- [WORK INSTRUCTION]: Please restate, exactly as they appear, only the lines from the one that contains "Apartamento para alugar" to the final line of the entries, with no pictures.
*** Opening of DATA ***
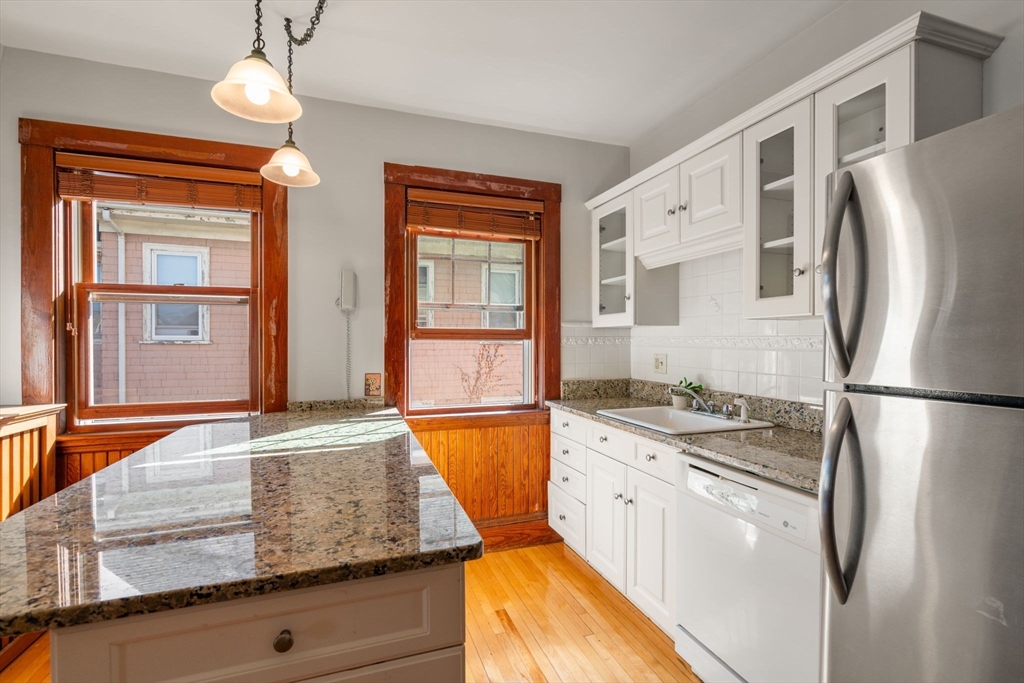 40 Commonwealth Road, Unit 2 Watertown, MA 02472 - Photo 10 of 27 Gallery Image 10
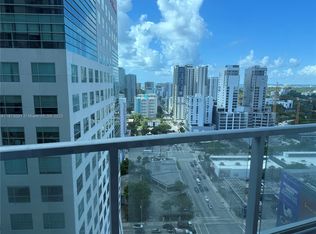 185 SW 7th St APT 2206, Miami, FL 33130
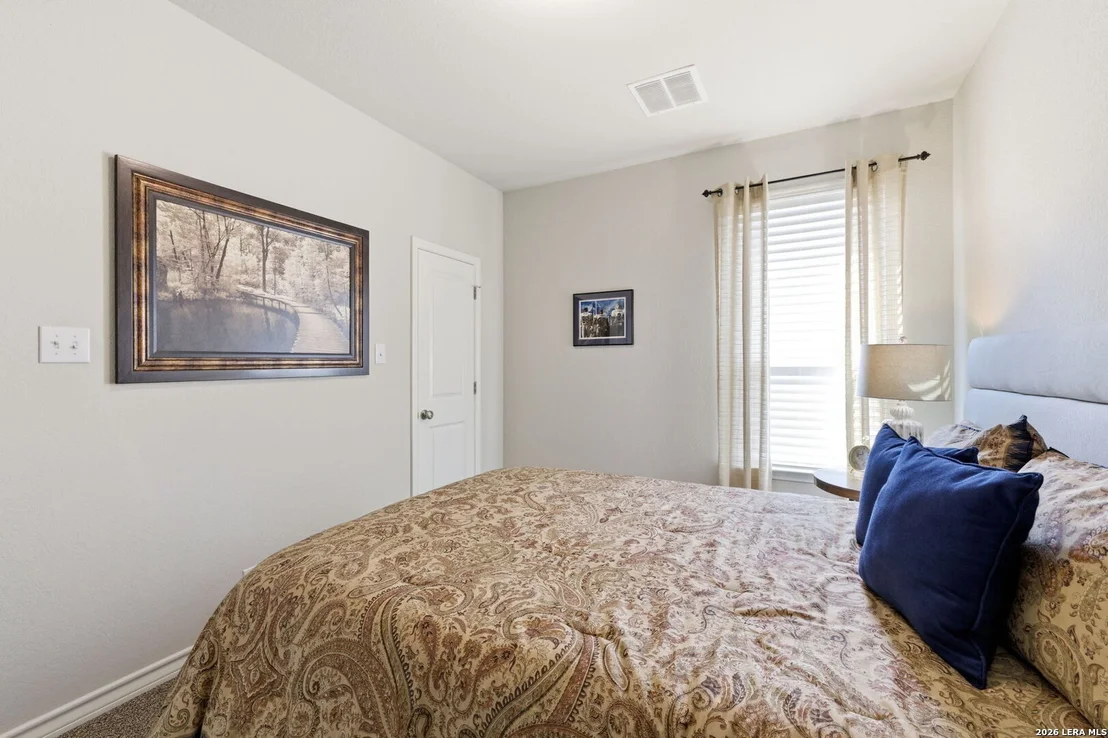 Photo of 3094 Blenheim Park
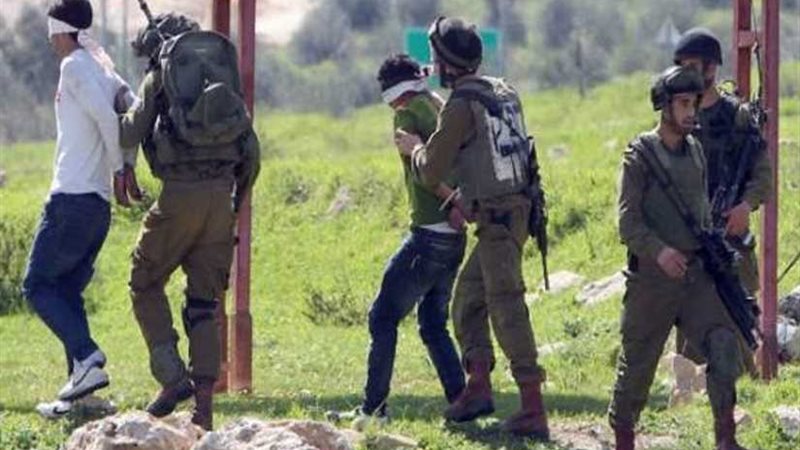 قوات الاحتلال تعتقل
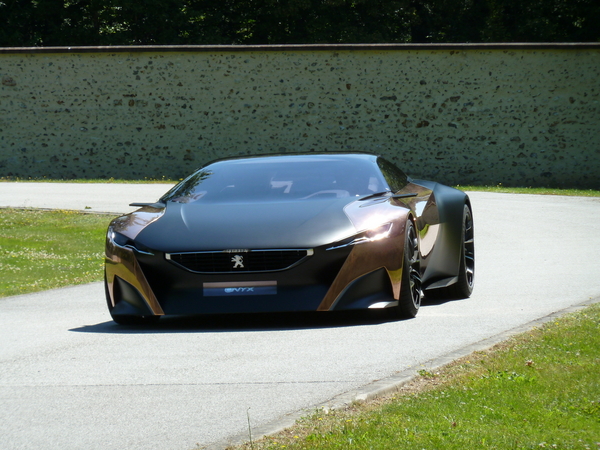O Onyx é um supercarro híbrido de 600cv a diesel O Onyx é um supercarro híbrido de 600cv a diesel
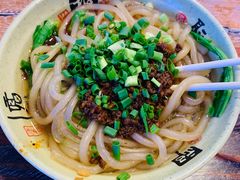 杂酱酸辣粉-重庆小面·抄手(解放碑好吃街店)
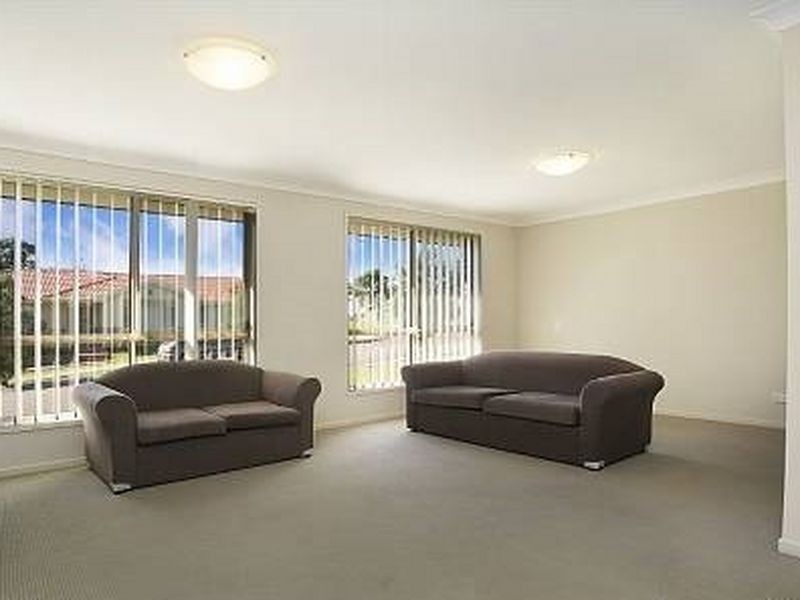 1 Gilmore Street, Cameron Park NSW 2285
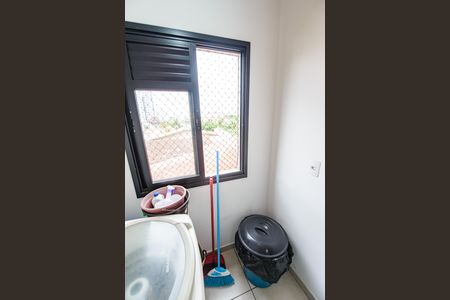Apartamento para alugar com 65m², 2 quartos e 1 vagaÁrea de Serviço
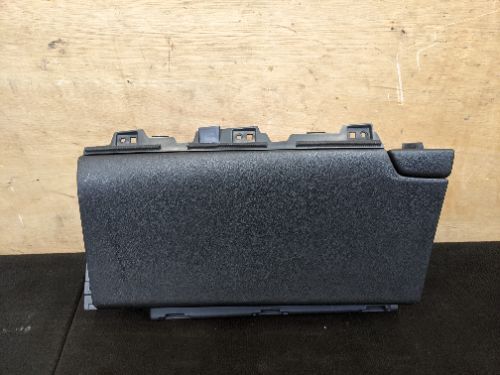 KIA NIRO HYBRID HEV GLOVE BOX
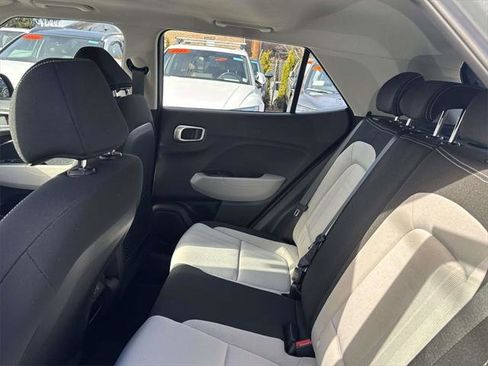 Certified 2024 Hyundai Venue SEL image 12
*** Close of DATA ***
- [COMPLETED EXERCISE]:
Apartamento para alugar com 65m², 2 quartos e 1 vagaÁrea de Serviço
 KIA NIRO HYBRID HEV GLOVE BOX
 Certified 2024 Hyundai Venue SEL image 12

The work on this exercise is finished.